As importações brasileiras de azeite de oliva continuam em alta
As importações brasileiras de azeite de oliva não mostram sinais de desaceleração e, embora ainda esteja em fase inicial, a produção nacional também está em ascensão.

Com o entusiasmo pela Copa do Mundo crescendo rapidamente e uma importante eleição presidencial se aproximando, parece que todos os olhos estarão voltados para o Brasil em 2014, incluindo o setor de azeite de oliva. A potência econômica da América Latina tornou-se um dos destinos de exportação de azeite de oliva que mais crescem, e no ano passado as importações do “ouro verde” atingiram 74.873,8 toneladas métricas, um aumento de 5% em relação à safra de 2011-2012.
De acordo com o Conselho Oleícola Internacional (COI), os países da UE representaram 88% dessas exportações. Portugal, que exportou 42.800 toneladas métricas para o Brasil no ano passado, ficou com a maior fatia do bolo (57%), seguido pela Espanha (25%), Itália (6%) e Grécia (1%). 12% das importações vieram da Argentina (9%), Chile (2%) e outros países (1%).
Este último grupo, que inclui Líbano, Marrocos e Tunísia, registrou alguns dos maiores crescimentos no ano passado. O Líbano, por exemplo, exportou 372% a mais de azeite para o Brasil, enquanto as exportações da Tunísia aumentaram 98%.
A demanda brasileira por azeite de oliva virgem tem crescido de forma constante nos últimos anos. Em 2002-2003, cerca de 39% das importações de azeite de oliva eram de grau virgem; em 2012-2013, essa porcentagem cresceu para 73%.
O país tem feito um esforço conjunto recentemente para aumentar o consumo de azeite de oliva em geral, independentemente do país de origem. Com a ajuda do COI, o Brasil lançou uma campanha nacional de promoção do azeite de oliva em outubro, com um orçamento proposto de US$ 1,6 milhão.
Embora ainda em fase inicial, a produção doméstica também decolou nos últimos anos. A maior parte desse crescimento está ocorrendo no estado do Rio Grande do Sul, que possui clima e tipo de solo semelhantes aos do vizinho Uruguai, outro país com enorme potencial como produtor e exportador de azeite de oliva.

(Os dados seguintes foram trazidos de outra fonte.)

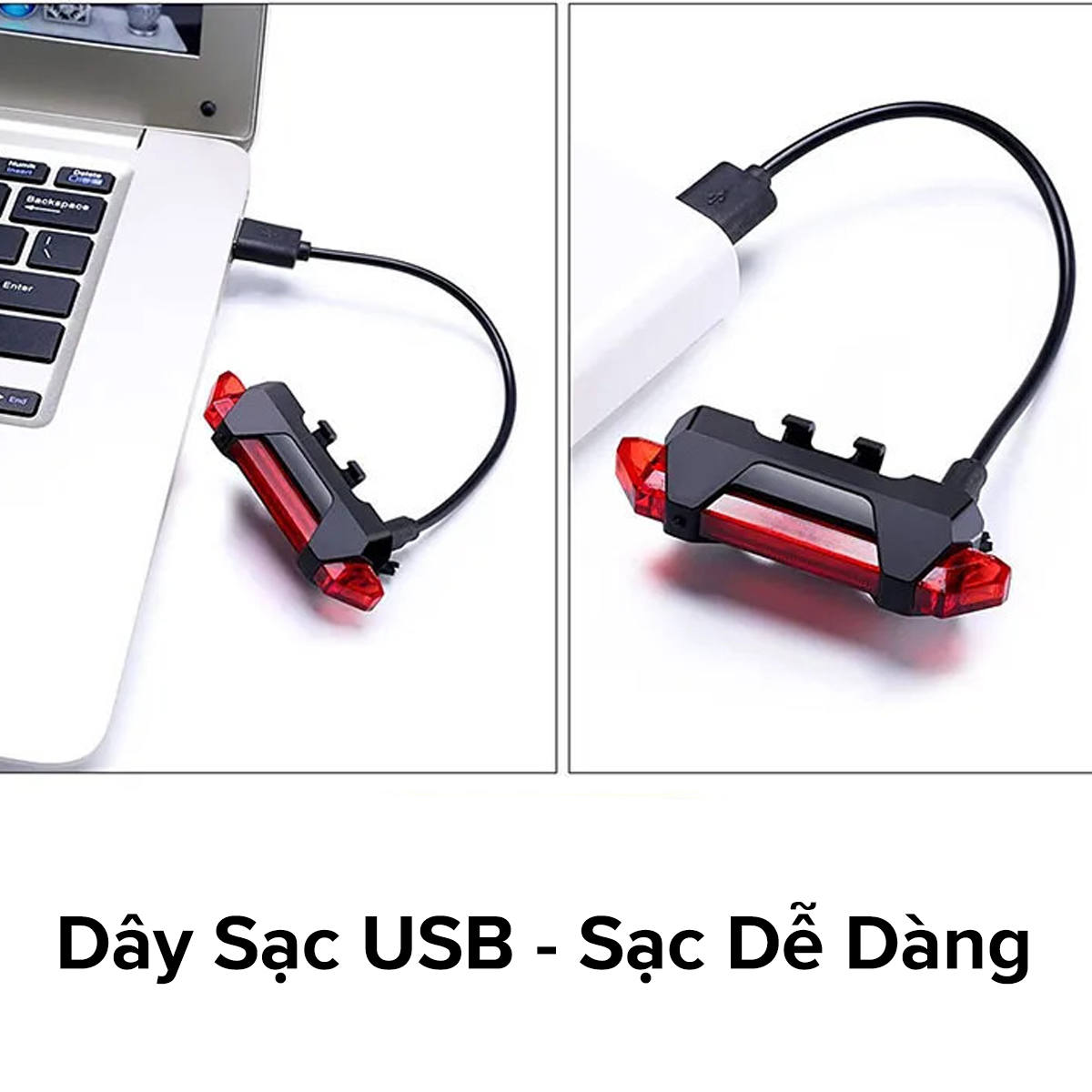 Mô tả Đèn Báo Hiệu Gắn Đuôi Xe Đạp 5 Bóng LED 4 Chế Độ Sáng Có Pin Sạc USB Cảnh Báo An Toàn Chính Hãng Amalife - 7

De acordo com Rogério Oliveira Jorge, pesquisador da Empresa Brasileira de Pesquisa Agropecuária (Embrapa), a produtividade do solo no Rio Grande do Sul é comparável à dos países europeus, gerando cerca de 1.500 litros por hectare. Ele reconheceu, no entanto, que a maioria das oliveiras é bastante jovem e não atingirá seu pleno potencial por alguns anos.
Até mesmo o governo brasileiro está apostando na produção nacional, incluindo verbas para o setor no Plano de Safra do ano passado. Ele também concordou em colaborar com a Embrapa no desenvolvimento de um laboratório de testes de qualidade que seguirá os padrões internacionais.

De acordo com Caio Rocha, do Departamento de Desenvolvimento Agrícola e Cooperativo do Ministério da Agricultura, Pecuária e Abastecimento, o Brasil planeja reduzir as importações de azeite em 30% em quatro anos, tornando-se mais autossuficiente. Ele disse que o crescimento constante do mercado de importação comprova que a demanda existe.
“Somos grandes importadores de azeite. Importamos US$ 316 milhões em azeite, US$ 121 milhões em azeitonas, e a região sul possui clima e solo adequados para o cultivo de azeitonas”, disse Rocha.
Daniel Aued, da Olivas do Sul, um dos principais produtores brasileiros de azeite extravirgem, está confiante na qualidade dos azeites produzidos no Rio Grande do Sul, onde sua empresa produziu 22.000 litros em 2012. Ele acredita que os azeites brasileiros podem competir com os importados, que se beneficiam de preços baixos e do marketing, enfatizando a qualidade e o frescor.
“[O azeite importado] fica de três a quatro anos em tambores, enquanto um bom azeite de oliva deve ser consumido no ano da colheita”, disse ele.